## Record extracts:
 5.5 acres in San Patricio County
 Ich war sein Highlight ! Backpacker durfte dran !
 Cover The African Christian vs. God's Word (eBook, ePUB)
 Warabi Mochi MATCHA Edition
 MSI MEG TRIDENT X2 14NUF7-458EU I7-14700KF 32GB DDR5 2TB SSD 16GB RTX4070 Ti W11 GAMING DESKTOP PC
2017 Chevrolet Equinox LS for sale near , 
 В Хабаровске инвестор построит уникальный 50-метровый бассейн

---

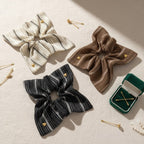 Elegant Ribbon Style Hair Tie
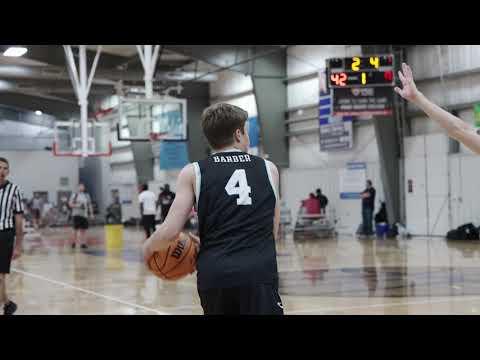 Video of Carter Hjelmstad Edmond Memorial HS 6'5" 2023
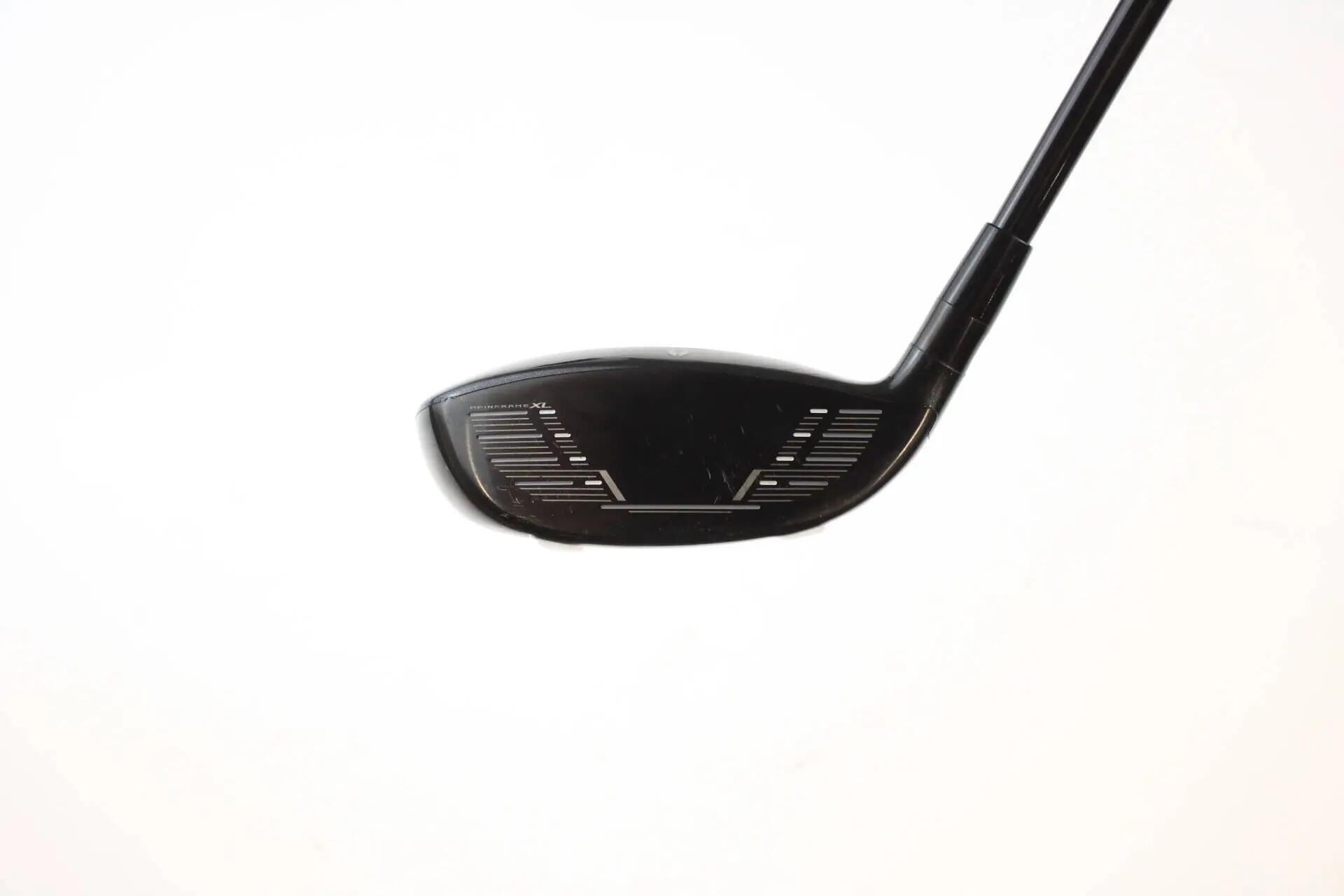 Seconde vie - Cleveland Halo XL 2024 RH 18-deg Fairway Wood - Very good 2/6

## Required action:
In the listing above, locate the line containing "5.5 acres in San Patricio County" and the line containing "В Хабаровске инвестор". Transcribe those two lines and everything between them, exactly as written.

## Output for this task:
 5.5 acres in San Patricio County
 Ich war sein Highlight ! Backpacker durfte dran !
 Cover The African Christian vs. God's Word (eBook, ePUB)
 Warabi Mochi MATCHA Edition
 MSI MEG TRIDENT X2 14NUF7-458EU I7-14700KF 32GB DDR5 2TB SSD 16GB RTX4070 Ti W11 GAMING DESKTOP PC
2017 Chevrolet Equinox LS for sale near , 
 В Хабаровске инвестор построит уникальный 50-метровый бассейн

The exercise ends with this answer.